Der Brite Bradley Wiggins (li) untermauerte seine Ambitionen auf den Gesamtsieg mit einer souveränen Vorstellung...

Der Dominator der diesjährigen "Tour der Leiden": Bradley Wiggins.
La Toussuire/Frankreich - Cadel Evans und Vincenzo Nibali attackierten erfolglos, Christopher Froome wurde bei einem Angriff auf die Nummer 1 des Teams Sky zurückgepfiffen - damit war Bradley Wiggins der Profiteur der Alpen-Königsetappe bei der Tour de France. Lange Zeit angeführt von seinen Sky-Helfern erreichte der 32-jährige Brite das Ziel des 148-km-Teilstücks von Albertville über zwei Pässe der höchsten Kategorie zur Bergankunft in La Toussuire in einer kleinen Gruppe knapp hinter seinem Landsmann Froome und baute seine Gesamtführung auf 2:05 Minuten aus. Als Gewinner der 11. Etappe ließ sich der Franzose Pierre Rolland feiern.
Froome nach Attacke zurückbeordert
Wiggins machte auf der von ihm als schwierigste Etappe bezeichneten Abschnitt über den Col de la Madeleine (2.000 m) und den Col de la Croix de Fer (2.067) ins 1.705 m hoch gelegene Ziel einen weiteren großen Schritt in Richtung des ersten Gesamtsiegs eines Briten bei der wichtigsten Radrundfahrt. Froome schien als Einziger in der Lage zu sein, seinen Chef zu distanzieren, doch die Reaktion des Sportlichen Leiters Sean Yates aus dem Begleitauto auf den Antritt des gebürtigen Kenianers folgte prompt. Der Zweite der Vuelta 2011 musste zurückschalten und auf Wiggins warten. Zuvor hatte die Gruppe den im Schlussanstieg attackierenden Italiener Nibali eingeholt, der so wie der nun fünftplatzierte Belgier Jurgen van den Broeck (+4:48) mit Wiggins ins Ziel kam.
Vorjahressieger Cadel Evans erlebte bittere Momente. Im Anstieg zum Croix de Fer griff der Australier beherzt an, bekam Hilfe des früher ausgerissenen BMC-Teamkollegen Tejay van Garderen (USA), musste diese Tempoverschärfung aber büßen. Er hielt das Tempo seines Kollegen nicht mit, wurde eingeholt und musste später im 17 km langen Anstieg ins Ziel sogar abreißen lassen. Dank Van Garderen hielt er den Rückstand mit 1:26 Minuten noch halbwegs in Grenzen. Der 35-jährige Weltmeister von 2009 bewies Kampfgeist, sein Traum vom zweiten Toursieg ist aber wohl vorbei.

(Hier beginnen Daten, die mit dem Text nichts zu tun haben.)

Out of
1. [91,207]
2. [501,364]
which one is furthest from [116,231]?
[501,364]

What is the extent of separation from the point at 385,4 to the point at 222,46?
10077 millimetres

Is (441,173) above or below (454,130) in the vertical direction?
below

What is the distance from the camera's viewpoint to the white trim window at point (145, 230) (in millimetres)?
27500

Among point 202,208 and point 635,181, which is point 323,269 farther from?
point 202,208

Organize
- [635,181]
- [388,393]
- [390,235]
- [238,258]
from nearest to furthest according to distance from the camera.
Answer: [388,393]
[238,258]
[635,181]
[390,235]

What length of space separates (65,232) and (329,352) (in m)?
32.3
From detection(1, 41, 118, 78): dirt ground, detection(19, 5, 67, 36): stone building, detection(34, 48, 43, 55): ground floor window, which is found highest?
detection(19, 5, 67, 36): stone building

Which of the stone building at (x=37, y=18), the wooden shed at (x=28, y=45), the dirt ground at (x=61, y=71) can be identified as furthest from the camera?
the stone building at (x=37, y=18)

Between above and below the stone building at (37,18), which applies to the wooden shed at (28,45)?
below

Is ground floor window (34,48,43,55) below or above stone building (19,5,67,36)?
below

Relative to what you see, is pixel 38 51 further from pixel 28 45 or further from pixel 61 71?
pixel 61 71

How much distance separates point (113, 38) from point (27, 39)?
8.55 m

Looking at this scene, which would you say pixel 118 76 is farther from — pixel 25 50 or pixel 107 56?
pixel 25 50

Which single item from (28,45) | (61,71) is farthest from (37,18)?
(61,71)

Rolland kam als Einziger einer ursprünglich 28 Fahrer starken Gruppe durch, die sich 85 Kilometer vor dem Ziel abgesetzt hatte. Der Teamkollege des Vortagssiegers Thomas Voeckler bei Europcar gewann solo 55 Sekunden vor seinem Landsmann Thibaut Pinot und Froome, Wiggins war zwei weitere Sekunden zurück Sechster. Für den 25-jährigen Franzosen erfüllte sich ein weiterer Traum, er gewann nach L'Alpe d'Huez im Vorjahr eine weitere Tour-Bergankunft.
Wiggins 2:05 Minuten vor Froome
Der dreifache Bahn-Olympiasieger Wiggins, der das erste lange Zeitfahren dominiert hatte, führt nun 2:05 Minuten vor Froome und 2:23 vor dem Ex-Vuelta-Sieger Nibali. Evans hat als vierter 3:19 Minuten Rückstand.

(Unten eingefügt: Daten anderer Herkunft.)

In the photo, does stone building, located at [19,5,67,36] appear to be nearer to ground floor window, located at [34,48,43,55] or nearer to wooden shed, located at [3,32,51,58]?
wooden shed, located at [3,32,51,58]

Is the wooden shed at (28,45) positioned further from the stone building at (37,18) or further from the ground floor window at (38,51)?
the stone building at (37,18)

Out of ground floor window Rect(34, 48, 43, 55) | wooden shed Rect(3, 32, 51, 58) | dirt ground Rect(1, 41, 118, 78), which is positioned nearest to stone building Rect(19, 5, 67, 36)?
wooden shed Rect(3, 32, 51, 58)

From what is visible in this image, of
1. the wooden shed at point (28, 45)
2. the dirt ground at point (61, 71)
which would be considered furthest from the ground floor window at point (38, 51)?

Rolland hatte den Coup lange geplant. "Diese Etappe hatte ich seit der Präsentation vor sechs Monaten immer im Kopf. Aber im letzten Anstieg hatte ich nichts mehr in den Beinen, ich hatte nur noch den Kopf", sagte der Profi aus Orleans, der in einer Abfahrt sogar einmal gestürzt war.

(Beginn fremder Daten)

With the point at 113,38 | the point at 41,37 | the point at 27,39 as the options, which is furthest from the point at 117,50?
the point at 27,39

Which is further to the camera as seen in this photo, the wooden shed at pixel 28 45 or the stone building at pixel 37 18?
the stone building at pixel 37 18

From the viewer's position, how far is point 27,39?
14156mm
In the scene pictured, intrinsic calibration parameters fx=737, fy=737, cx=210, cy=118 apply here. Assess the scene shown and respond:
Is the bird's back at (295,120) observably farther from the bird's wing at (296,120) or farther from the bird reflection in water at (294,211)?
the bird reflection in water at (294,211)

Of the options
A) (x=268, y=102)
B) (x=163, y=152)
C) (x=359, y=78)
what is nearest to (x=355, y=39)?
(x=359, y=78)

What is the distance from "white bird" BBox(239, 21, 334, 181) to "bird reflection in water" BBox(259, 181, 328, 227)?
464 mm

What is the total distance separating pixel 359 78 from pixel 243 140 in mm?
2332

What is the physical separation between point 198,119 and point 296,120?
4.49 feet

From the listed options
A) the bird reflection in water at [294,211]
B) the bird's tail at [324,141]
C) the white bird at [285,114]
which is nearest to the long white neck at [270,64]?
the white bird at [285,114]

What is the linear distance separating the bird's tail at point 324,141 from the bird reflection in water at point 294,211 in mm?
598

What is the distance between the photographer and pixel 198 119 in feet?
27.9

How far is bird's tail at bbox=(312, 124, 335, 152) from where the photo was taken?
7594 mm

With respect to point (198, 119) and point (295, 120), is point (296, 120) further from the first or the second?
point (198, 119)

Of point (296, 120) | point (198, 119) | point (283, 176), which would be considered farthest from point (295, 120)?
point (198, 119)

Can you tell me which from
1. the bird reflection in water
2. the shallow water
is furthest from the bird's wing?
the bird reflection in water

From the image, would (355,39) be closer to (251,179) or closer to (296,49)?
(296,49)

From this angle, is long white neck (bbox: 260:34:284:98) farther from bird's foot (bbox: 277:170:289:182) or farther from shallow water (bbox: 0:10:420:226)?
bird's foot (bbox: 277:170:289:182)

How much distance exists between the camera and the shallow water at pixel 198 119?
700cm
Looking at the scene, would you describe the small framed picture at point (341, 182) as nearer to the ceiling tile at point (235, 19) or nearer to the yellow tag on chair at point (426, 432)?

Bernhard Eisel und Sprint-Star Mark Cavendish fuhren gemeinsam in einer größeren Gruppe über die höchsten Alpenpässe der 99. Tour und erreichten das Ziel mit 33:35 Minuten Rückstand.
Am Freitag warten in der ersten Hälfte der 12. Etappe (226 km) zwei Pässe der ersten Kategorie, 20 Kilometer vor dem Ziel folgt eine Bergwertung der 3. Kategorie. (APA, 12.7.2012)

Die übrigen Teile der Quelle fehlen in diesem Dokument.